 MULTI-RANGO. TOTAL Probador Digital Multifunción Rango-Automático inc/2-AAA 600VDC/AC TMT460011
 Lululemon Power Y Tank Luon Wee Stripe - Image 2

* * *

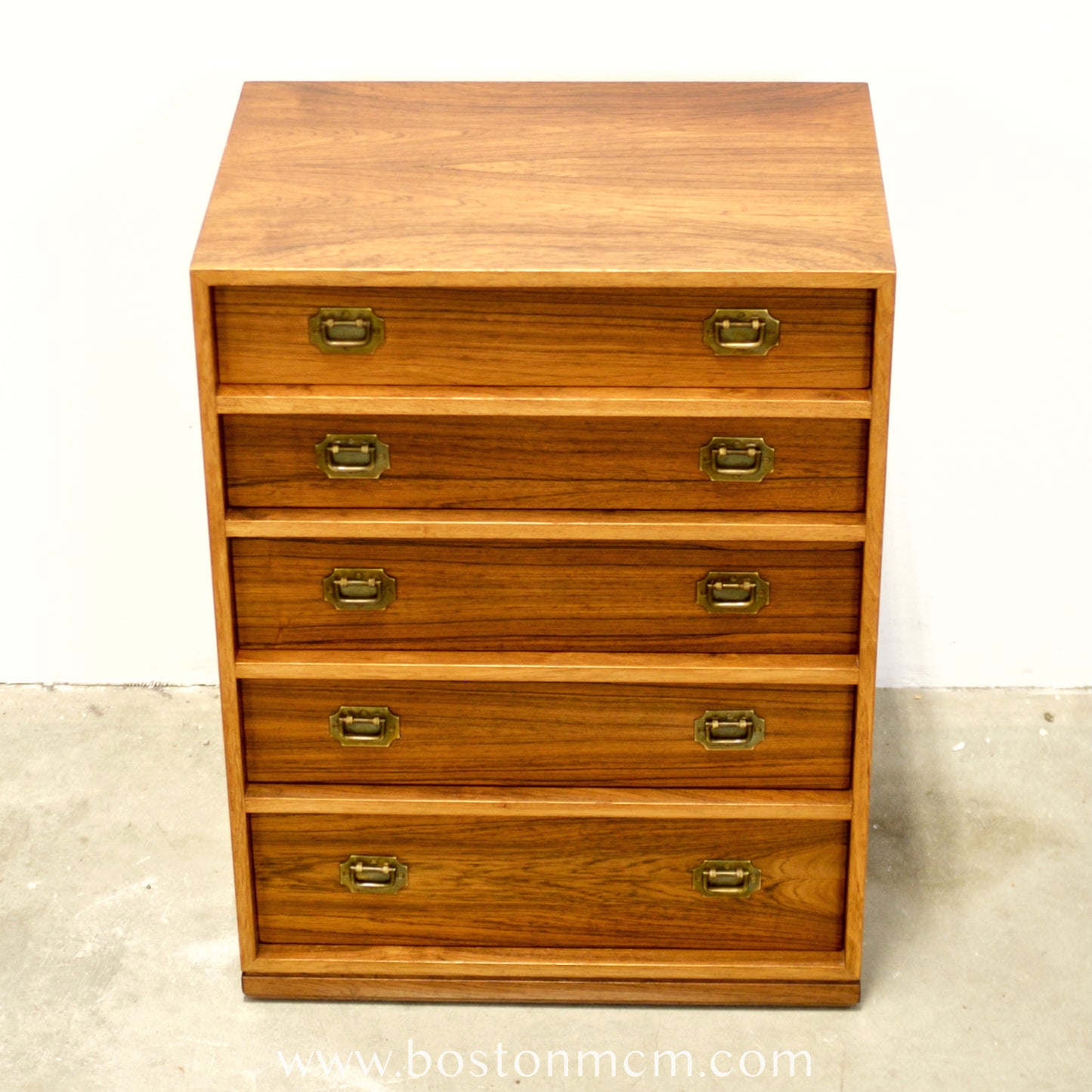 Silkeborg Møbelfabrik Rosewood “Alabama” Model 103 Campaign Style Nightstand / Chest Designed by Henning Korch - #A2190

* * *

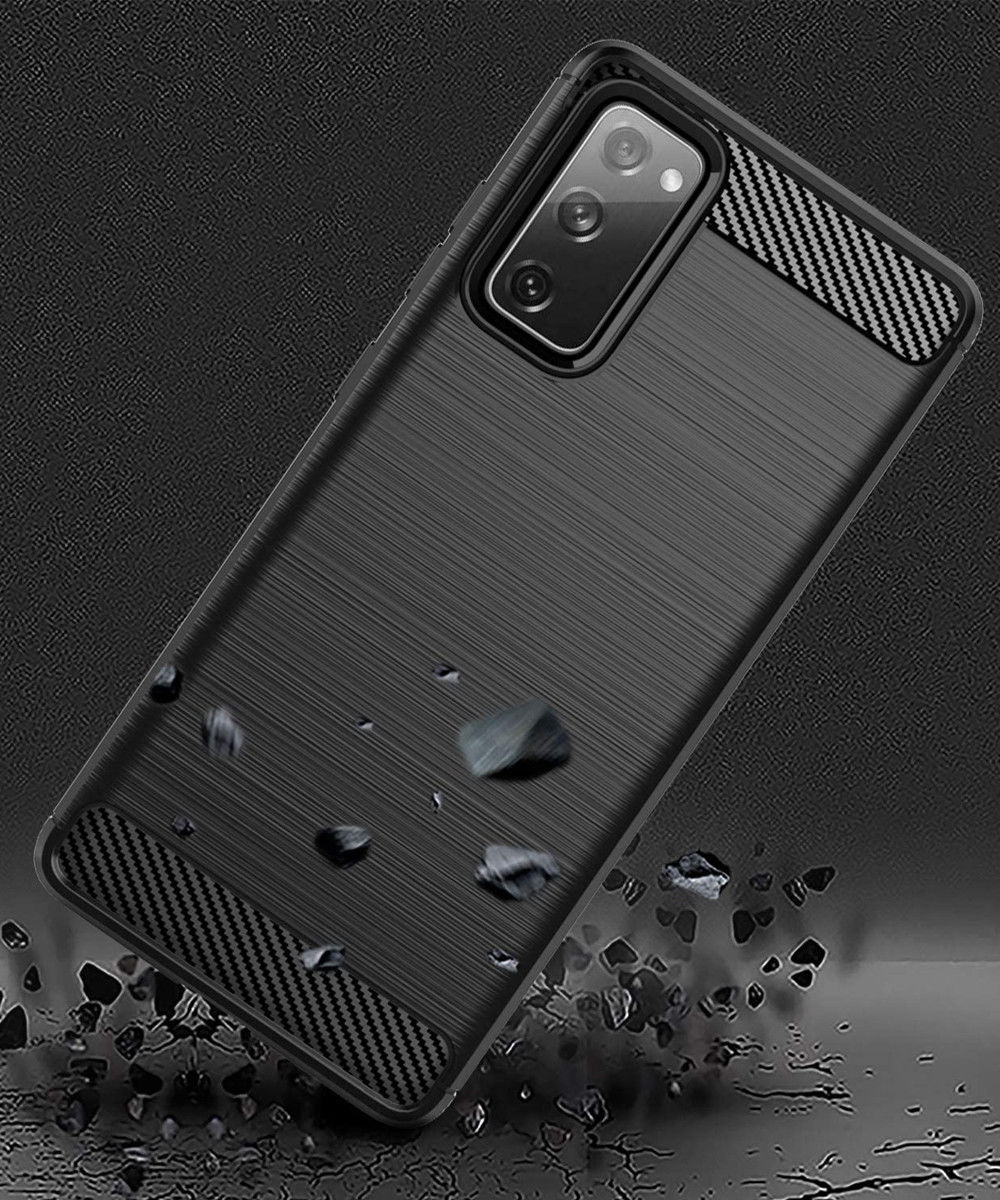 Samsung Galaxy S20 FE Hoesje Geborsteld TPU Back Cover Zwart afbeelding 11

| What you need to do |
Looking at the data above, return every line from the one with "MULTI-RANGO. TOTAL Probador" down to the one with "Lululemon Power Y", exactly and inclusively.

| Reply to the exercise |
 MULTI-RANGO. TOTAL Probador Digital Multifunción Rango-Automático inc/2-AAA 600VDC/AC TMT460011
 Lululemon Power Y Tank Luon Wee Stripe - Image 2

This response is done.